I am graduating. After four years on North Broad Street – two more than you – I have plenty I want to share with you. Space is limited, so forgive my suddenness.
Throw your students into the surrounding communities.
For 45 years, this university has tried to figure out how to trick middle-class students into studying amid one of this country’s densest collections of black people, many of them poor and uneducated. So we built walls and took publicity shots facing south. We closed North Park Avenue, tried to close 13th Street and turned inward.
So, each year, a portion of accepted students confuse Temple with shootings at the Norris Apartments and confuse Philadelphia with an abandoned row home at 20th and Diamond streets.
That’s backwards. Have Provost Lisa Staiano-Coico amend our new general education requirements to involve 10-credit hours of “community education.” The engineering students can take a class on the most efficient means of backfilling condemned buildings, architecture students can figure out what’s wrong with the North Philadelphia subway stop, and students of the social sciences can work with the nonprofits that are trying to help our neighbors.
Leverage our intellectual capital and market it as the most unique academic experience in the world.
End Temple’s shuttle-industrial complex.
At a time when environmentalism is cool, Philadelphia is hot and SEPTA is actually sufficiently funded, Temple should buy in. Many Philadelphia grade school students get monthly TransPasses for free because of state funding. In Pittsburgh, college students can get free access to the city’s mass transit. Sell half your busses – sell off the rest when you solve that nagging Ambler campus problem – and buy passes to give to students. Send us into the city.

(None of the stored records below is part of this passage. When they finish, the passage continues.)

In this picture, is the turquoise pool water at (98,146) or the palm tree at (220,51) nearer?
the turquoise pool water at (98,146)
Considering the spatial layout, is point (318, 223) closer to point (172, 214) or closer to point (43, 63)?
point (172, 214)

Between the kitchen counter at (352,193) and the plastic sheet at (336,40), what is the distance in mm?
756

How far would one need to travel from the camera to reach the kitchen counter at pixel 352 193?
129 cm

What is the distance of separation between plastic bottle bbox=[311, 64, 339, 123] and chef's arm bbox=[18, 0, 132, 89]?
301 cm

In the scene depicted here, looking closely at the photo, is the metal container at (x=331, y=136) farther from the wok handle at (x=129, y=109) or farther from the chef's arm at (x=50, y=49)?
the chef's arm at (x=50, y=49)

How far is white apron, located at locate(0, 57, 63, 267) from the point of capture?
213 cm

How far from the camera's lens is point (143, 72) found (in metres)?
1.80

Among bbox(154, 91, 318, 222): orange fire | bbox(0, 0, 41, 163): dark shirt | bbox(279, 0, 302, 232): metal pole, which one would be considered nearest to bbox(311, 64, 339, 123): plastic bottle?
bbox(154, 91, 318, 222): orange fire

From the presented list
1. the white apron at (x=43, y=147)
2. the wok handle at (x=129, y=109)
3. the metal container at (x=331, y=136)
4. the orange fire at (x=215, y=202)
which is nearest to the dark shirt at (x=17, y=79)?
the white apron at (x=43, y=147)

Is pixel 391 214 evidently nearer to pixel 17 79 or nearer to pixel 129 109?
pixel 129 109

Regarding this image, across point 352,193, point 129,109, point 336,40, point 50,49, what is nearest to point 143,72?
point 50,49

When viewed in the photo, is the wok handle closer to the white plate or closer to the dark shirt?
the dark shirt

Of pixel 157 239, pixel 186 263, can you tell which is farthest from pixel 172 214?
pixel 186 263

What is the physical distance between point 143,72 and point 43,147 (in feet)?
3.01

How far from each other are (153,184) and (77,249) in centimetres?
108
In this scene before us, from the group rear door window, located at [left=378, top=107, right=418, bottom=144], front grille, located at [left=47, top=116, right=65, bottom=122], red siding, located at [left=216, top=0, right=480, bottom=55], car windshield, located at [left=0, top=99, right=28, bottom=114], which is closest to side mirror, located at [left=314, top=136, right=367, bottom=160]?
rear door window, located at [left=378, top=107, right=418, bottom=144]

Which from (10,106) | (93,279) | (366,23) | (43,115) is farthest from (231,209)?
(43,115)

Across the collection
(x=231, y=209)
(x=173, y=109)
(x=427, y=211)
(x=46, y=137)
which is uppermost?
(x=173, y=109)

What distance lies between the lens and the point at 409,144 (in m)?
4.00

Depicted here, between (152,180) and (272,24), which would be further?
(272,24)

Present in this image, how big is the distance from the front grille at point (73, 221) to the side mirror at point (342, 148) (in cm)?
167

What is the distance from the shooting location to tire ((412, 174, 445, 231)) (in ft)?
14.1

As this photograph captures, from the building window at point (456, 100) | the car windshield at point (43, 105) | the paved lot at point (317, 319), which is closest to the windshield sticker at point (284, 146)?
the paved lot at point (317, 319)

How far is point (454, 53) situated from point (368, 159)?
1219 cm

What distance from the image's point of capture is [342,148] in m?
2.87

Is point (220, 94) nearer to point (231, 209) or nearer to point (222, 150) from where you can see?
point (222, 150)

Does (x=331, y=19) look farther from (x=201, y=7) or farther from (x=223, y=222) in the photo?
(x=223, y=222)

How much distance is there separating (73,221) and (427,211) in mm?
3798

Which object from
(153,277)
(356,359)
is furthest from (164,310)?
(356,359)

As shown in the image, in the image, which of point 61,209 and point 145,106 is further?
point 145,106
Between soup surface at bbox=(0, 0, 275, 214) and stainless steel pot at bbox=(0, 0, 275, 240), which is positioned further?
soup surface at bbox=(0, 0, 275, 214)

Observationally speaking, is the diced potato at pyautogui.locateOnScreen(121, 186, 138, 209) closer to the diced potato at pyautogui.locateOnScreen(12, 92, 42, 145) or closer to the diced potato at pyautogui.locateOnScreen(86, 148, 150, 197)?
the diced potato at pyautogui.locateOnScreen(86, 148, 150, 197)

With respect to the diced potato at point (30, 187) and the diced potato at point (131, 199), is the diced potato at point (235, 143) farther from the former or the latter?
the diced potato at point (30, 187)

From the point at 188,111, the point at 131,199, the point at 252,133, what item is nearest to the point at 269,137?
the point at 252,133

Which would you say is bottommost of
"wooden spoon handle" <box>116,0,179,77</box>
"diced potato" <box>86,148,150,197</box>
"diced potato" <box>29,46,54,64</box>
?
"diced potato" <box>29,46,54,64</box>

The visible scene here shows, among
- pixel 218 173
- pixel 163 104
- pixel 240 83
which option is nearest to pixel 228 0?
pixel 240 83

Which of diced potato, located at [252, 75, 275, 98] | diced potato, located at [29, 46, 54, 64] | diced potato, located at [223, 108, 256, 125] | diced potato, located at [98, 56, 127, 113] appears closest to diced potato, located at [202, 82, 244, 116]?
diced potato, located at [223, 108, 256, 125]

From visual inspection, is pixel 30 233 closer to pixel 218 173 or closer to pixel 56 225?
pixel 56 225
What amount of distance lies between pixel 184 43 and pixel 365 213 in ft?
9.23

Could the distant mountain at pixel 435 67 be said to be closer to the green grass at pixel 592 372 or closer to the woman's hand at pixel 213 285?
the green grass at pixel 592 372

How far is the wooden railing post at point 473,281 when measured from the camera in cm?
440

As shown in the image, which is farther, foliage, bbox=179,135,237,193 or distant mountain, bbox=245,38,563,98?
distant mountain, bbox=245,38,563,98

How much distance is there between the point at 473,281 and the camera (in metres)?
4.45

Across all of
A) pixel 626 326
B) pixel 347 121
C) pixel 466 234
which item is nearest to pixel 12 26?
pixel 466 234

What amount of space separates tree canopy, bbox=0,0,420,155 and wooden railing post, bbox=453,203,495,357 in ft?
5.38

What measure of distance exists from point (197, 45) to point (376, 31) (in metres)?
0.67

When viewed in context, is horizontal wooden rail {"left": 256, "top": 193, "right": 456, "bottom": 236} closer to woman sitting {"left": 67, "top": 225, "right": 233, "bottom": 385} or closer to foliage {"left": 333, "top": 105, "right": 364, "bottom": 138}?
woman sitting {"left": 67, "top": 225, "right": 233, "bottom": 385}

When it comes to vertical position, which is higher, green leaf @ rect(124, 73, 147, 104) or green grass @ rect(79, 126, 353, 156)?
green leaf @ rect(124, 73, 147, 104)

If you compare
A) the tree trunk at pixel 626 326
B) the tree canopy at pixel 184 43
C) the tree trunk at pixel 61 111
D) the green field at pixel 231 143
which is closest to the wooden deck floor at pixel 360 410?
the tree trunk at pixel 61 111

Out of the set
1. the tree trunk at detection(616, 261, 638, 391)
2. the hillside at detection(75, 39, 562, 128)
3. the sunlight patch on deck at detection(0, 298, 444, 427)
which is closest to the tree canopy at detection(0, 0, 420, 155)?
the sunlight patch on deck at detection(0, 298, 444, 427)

I almost gagged when I read that the Office of University Housing and Residential Life dropped all its listings, aside from a handful of private partnerships that surround this university [“Housing removes listings,” Mary Hagenbach, April 28, 2008].
There is an enormous difference between a city college and a college in a city. For much of our existence, Temple has been the first. If we keep attracting students to rowhomes around Main Campus, we’ll create another thick, invisible wall between the community and us.
Go to the 2000-block of Carlisle Street. Just four years ago, it was filled with mostly premanent residents. Now just three remain.
Give students a TransPass, a bicycle, and have the Owl Ambassadors tell parents how many Temple students live in Center City or Francisville or Mantua. Have them boast to parents how many students live in Philadelphia, not on campus.
Walk into the Howard Gittis Student Center and find room 217 on your own. If you can’t do it, then you need to get someone to renumber the rooms if it’s meant to be a center of student activity. Buy artwork from Tyler students to decorate this university. Do something about the Bell Tower – it’s embarrassingly ugly, like a monument to urban blight and the worst of 1970s architecture.
Lastly, cherish traditions. We don’t have many. Spring Fling. A men’s basketball game against Duke University.
The community, trains and Philadelphia could be others. Develop them. Nothing brings in money like tradition, a feeling of belonging and a sense of individuality. That means keeping Temple unique.
I think some of these ideas would do just that. I wish you the best of luck, President Hart.